Un'idea questa tanto più attuale ora che ci si è resi conto di quanto il sistema delle imprese rischi, senza poteri pubblici adeguati ed efficienti, in un mondo che si evolve secondo percorsi che richiedono analisi interpretative coraggiose e nuove.
E in un momento in cui il dibattito, a volte anche aspro, sul futuro delle nostre università richiede a tutti l'abbandono di vecchie analisi, di antiche certezze, di pregiudizi non più sostenibili.
Pensiamo che una riforma seria dell'Università che si fondi sempre di più sulla meritocrazia, sull'efficienza, sul diritto allo studio, di risorse adeguate, ben distribuite ed utilizzate, sia auspicabile.
Il tema che oggi affrontiamo, e che è al centro del dibattito pubblico, ripropone sotto una luce nuova una questione che affonda le sue radici nelle origini dell'esperienza repubblicana.
I costituenti, quando scelsero la forma di governo parlamentare, avevano in mente i fallimenti del parlamentarismo ottocentesco: l'esperienza statutaria (che non aveva impedito la nascita del regime fascista), ma anche il fallimento di Costituzioni avanzate come quella della Repubblica di Weimar.
Segno di questa consapevolezza è l'approvazione da parte della seconda Sottocommissione dei 75, nel settembre del 1946, del celebre ordine del giorno Perassi.
Con esso, in una fase iniziale dei lavori della Costituente, esclusa la forma del governo presidenziale, ci si pronunciava "per l'adozione del sistema parlamentare da disciplinarsi, tuttavia - recita l'ordine del giorno - con dispositivi costituzionali idonei a tutelare le esigenze di stabilità dell'azione di governo e ad evitare le degenerazioni del parlamentarismo".

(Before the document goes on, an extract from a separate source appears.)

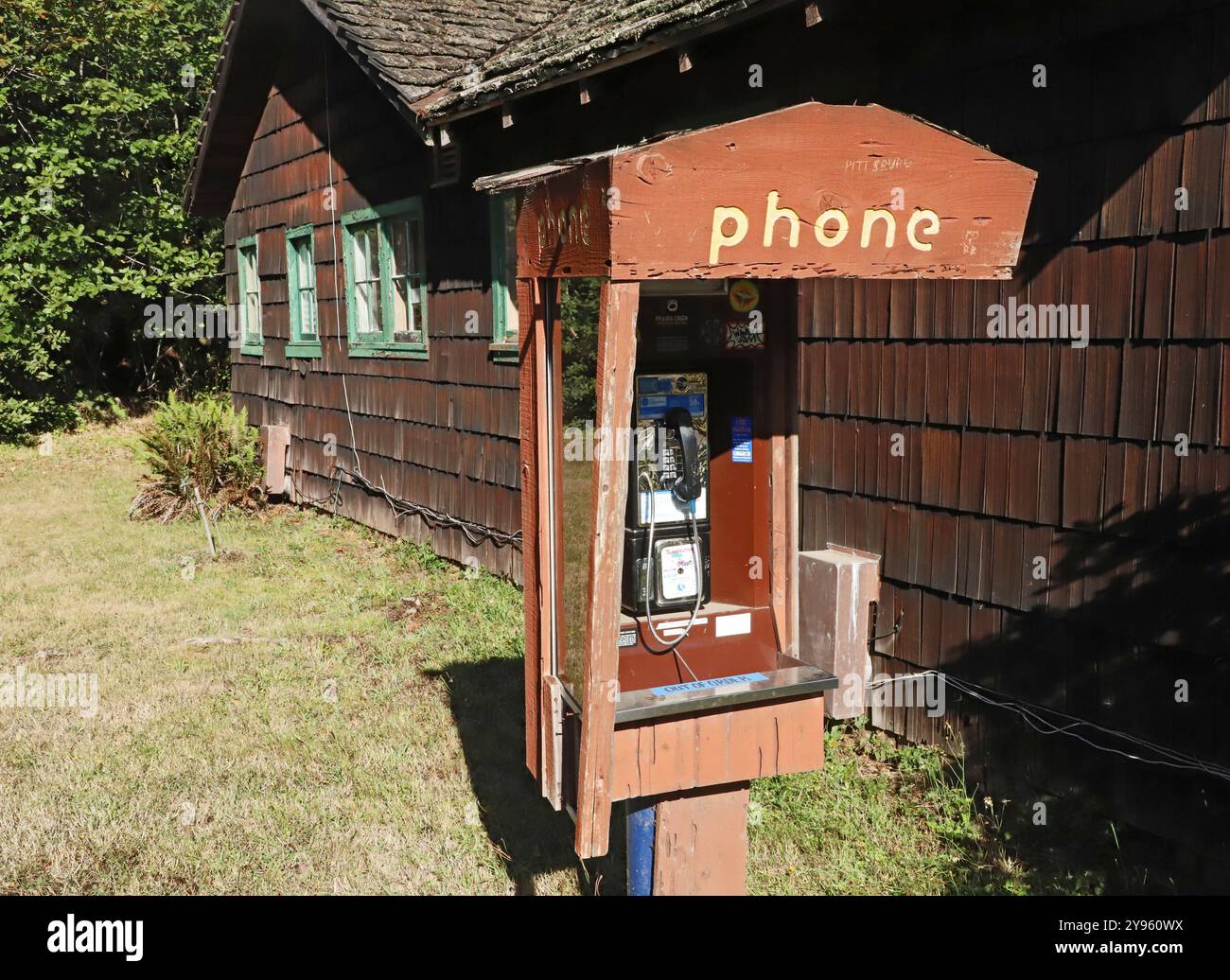 Eine seltene öffentliche Telefonzelle im Visitor's Center im Prairie Creek State Park im Redwoods National Park in Nordkalifornien. Stockfoto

I costituenti dunque avevano ben chiaro che un regime parlamentare forte ha bisogno di un governo autorevole e stabile.
Questo obiettivo così chiaramente enunciato non fu però realizzato.

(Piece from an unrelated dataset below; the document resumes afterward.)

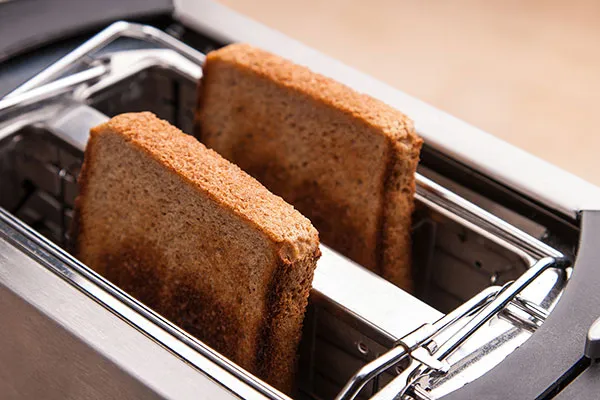 Toaster mit zwei getoasteten Toastscheiben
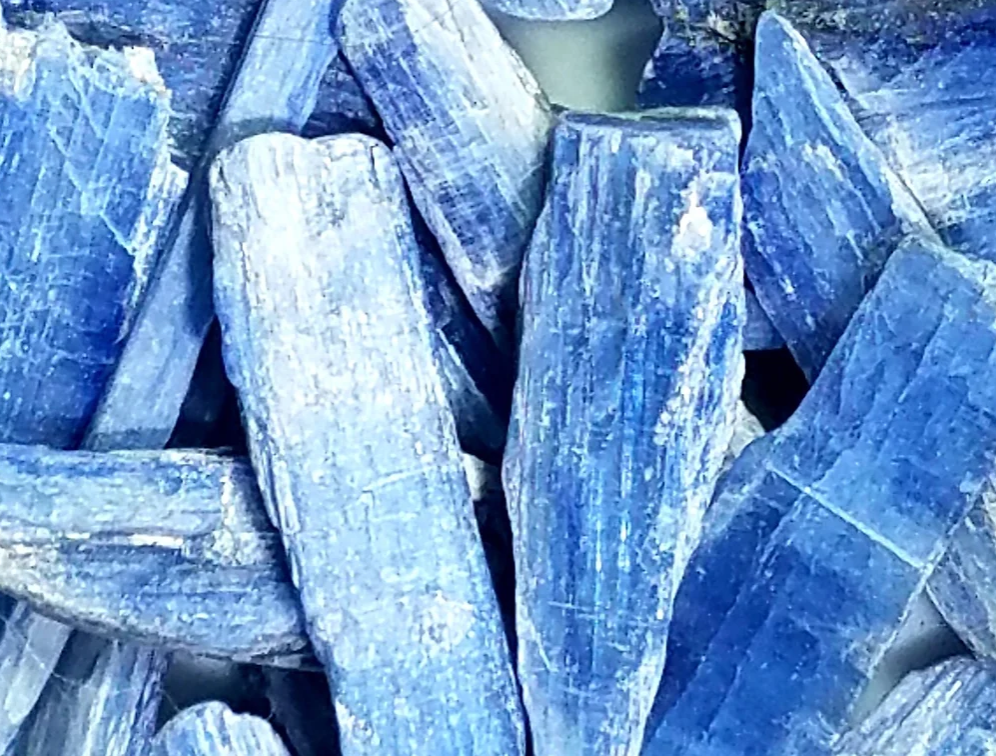 Kyanite $3.00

I veti contrapposti di un confronto politico aspro, benchè di alto livello, (su cui tanti studi sono fioriti negli ultimi anni, ed in particolare in quest'anno di celebrazione del 60° anniversario della nostra Carta Costituzionale), impedirono l'adozione di quei meccanismi, di quei dispositivi, che pure costituenti e studiosi come Costantino Mortati ed Egidio Tosato avevano elaborato.

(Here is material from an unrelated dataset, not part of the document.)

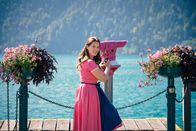 Heimatleuchten – Porträt von Conny Bürgler am Schifffahrts-Steg in Unterach am Attersee.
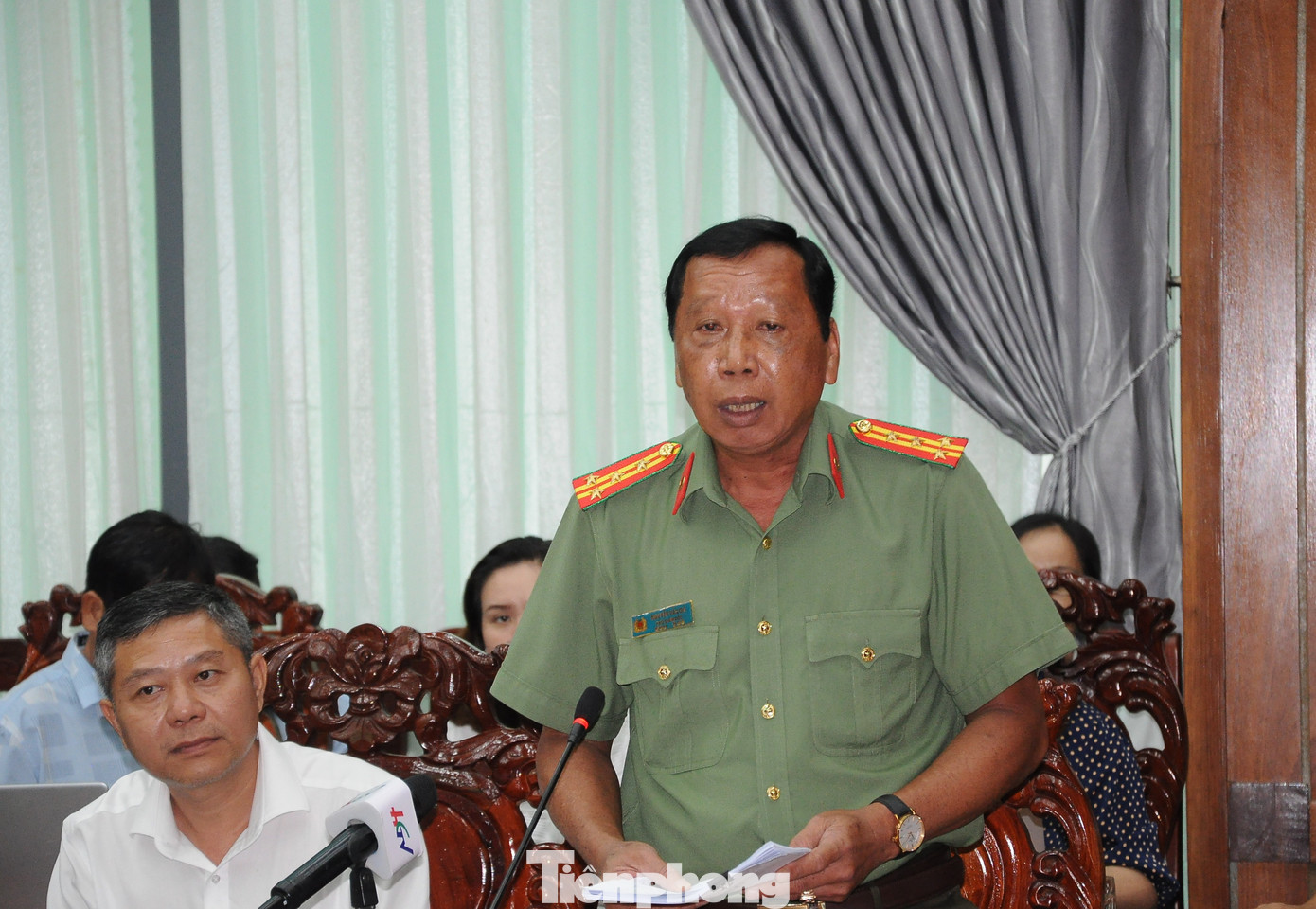 Đại tá Nguyễn Văn Giá – Phó Giám đốc Công an tỉnh Hậu Giang thông tin tại hội nghị. Ảnh: Cảnh Kỳ. Đại tá Nguyễn Văn Giá – Phó Giám đốc Công an tỉnh Hậu Giang thông tin tại hội nghị. Ảnh: Cảnh Kỳ.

Non passò la proposta di Mortati di una durata almeno biennale dei governi, né quella di Tosato che anticipava la formula della sfiducia costruttiva adottata qualche anno dopo nella Legge fondamentale tedesca.
Tutto il funzionamento della nostra forma di governo veniva lasciato al comportamento dei partiti.
In un contesto proporzionalistico. In assenza, cioè, di quel bipartitismo che, pur nella mancanza di una costituzione scritta, ha reso e rende stabile e forte il governo britannico, in Parlamento e non solo.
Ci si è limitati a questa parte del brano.